## WORK TASK
Your job is to print, exactly, the lines in the data below from the line with "COMPASS HELMSMAN FLUSH OPN WHT thumbnail-2" through the line with "Thumbnail 3 in", both included, and to omit any picture.

## INFORMATION SHOWN
[Start of section]
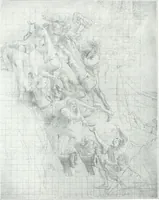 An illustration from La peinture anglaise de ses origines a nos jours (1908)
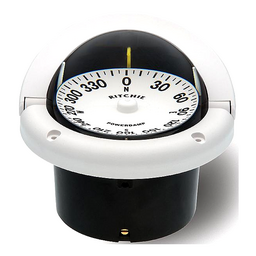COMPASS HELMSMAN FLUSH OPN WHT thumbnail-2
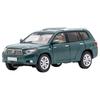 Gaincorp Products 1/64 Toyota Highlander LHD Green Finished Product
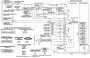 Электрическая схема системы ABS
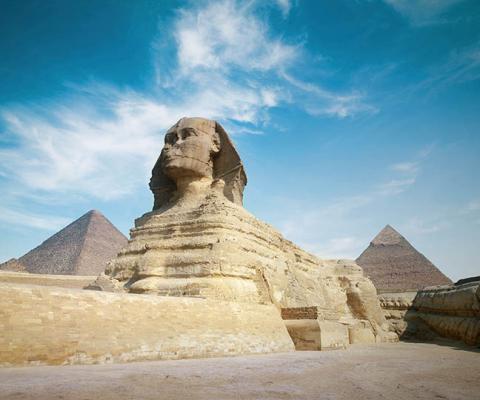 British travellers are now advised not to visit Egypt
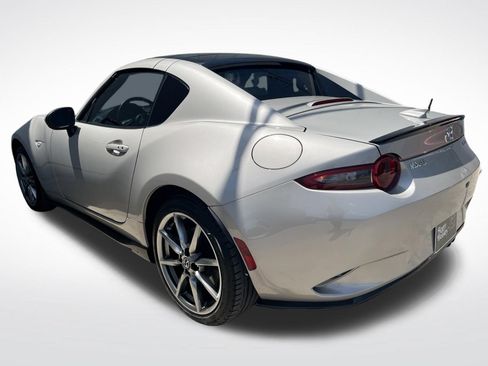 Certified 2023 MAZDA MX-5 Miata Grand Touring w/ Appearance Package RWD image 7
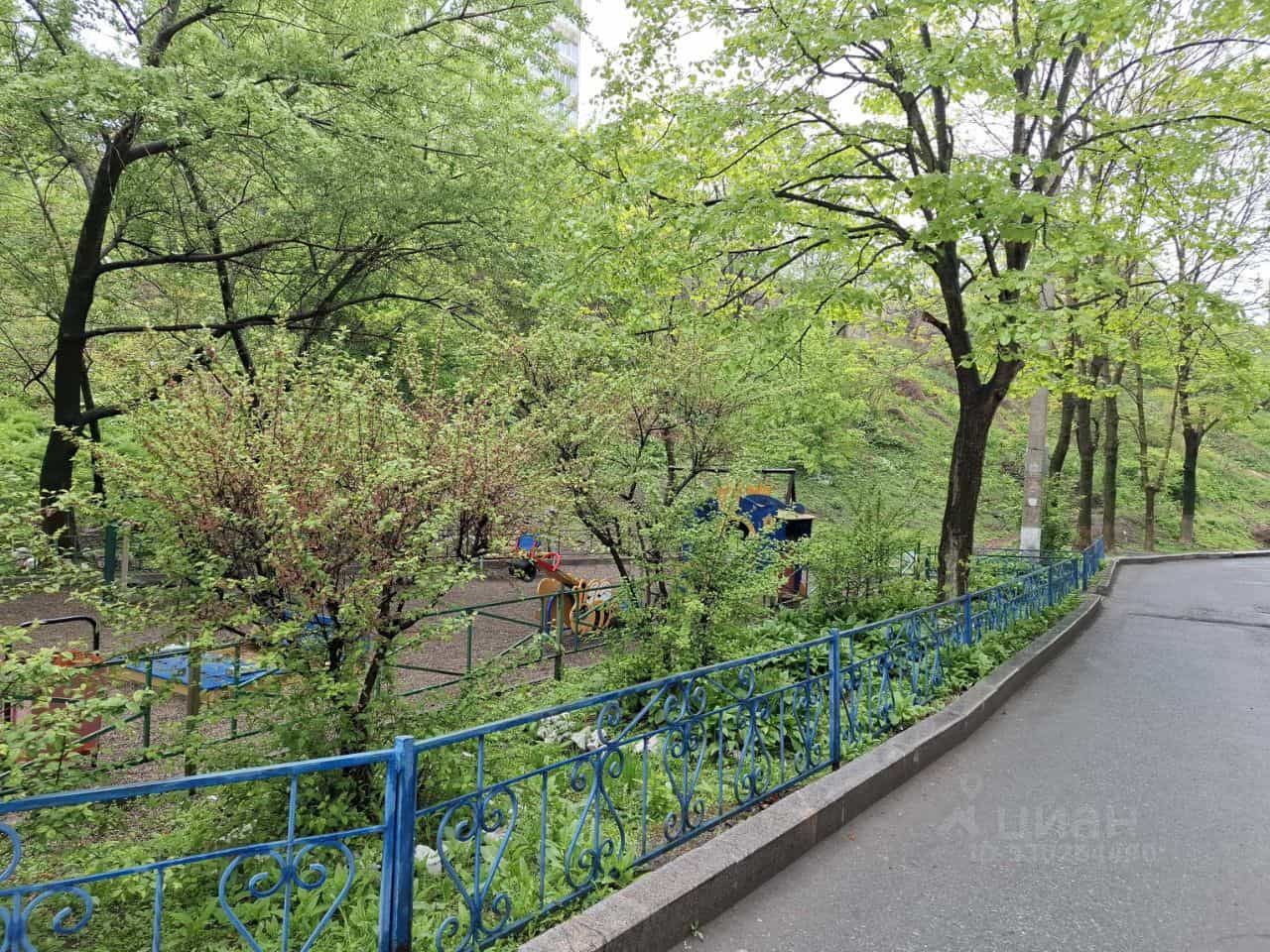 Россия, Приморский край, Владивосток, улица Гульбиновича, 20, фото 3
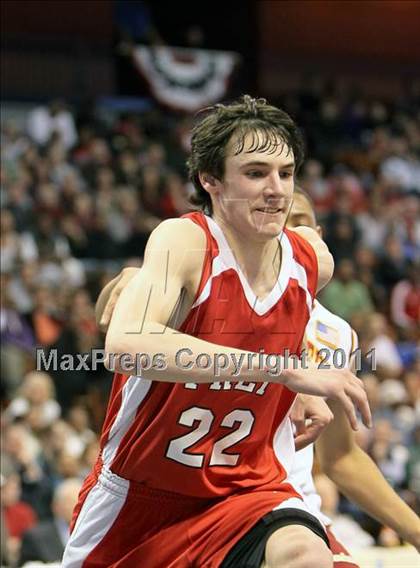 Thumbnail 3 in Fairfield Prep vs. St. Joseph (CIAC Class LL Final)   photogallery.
[End of section]
[Start of section]
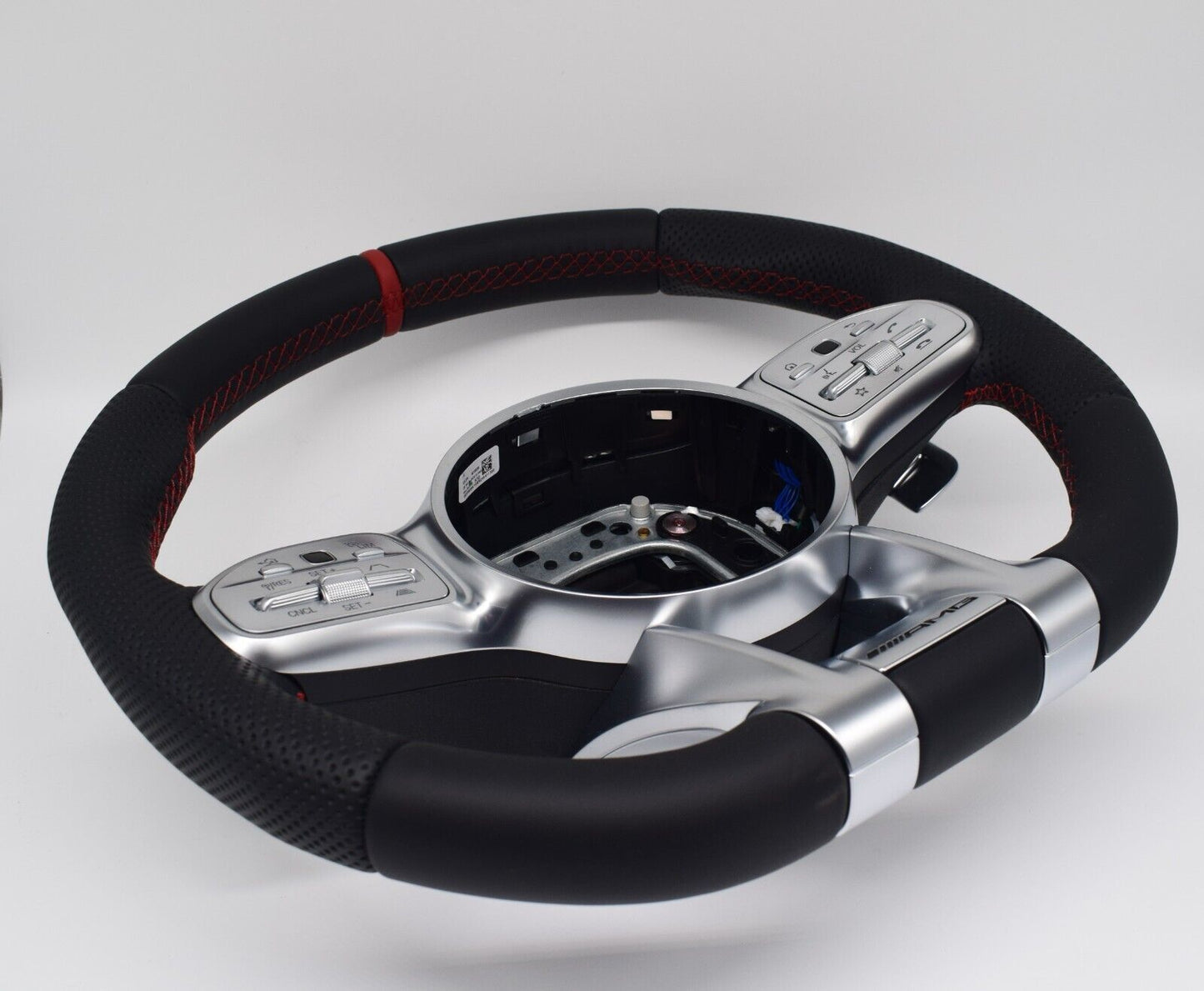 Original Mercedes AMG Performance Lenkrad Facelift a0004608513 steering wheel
[End of section]
## ANSWER SECTION
COMPASS HELMSMAN FLUSH OPN WHT thumbnail-2
 Gaincorp Products 1/64 Toyota Highlander LHD Green Finished Product
 Электрическая схема системы ABS
 British travellers are now advised not to visit Egypt
 Certified 2023 MAZDA MX-5 Miata Grand Touring w/ Appearance Package RWD image 7
 Россия, Приморский край, Владивосток, улица Гульбиновича, 20, фото 3
 Thumbnail 3 in Fairfield Prep vs. St. Joseph (CIAC Class LL Final)   photogallery.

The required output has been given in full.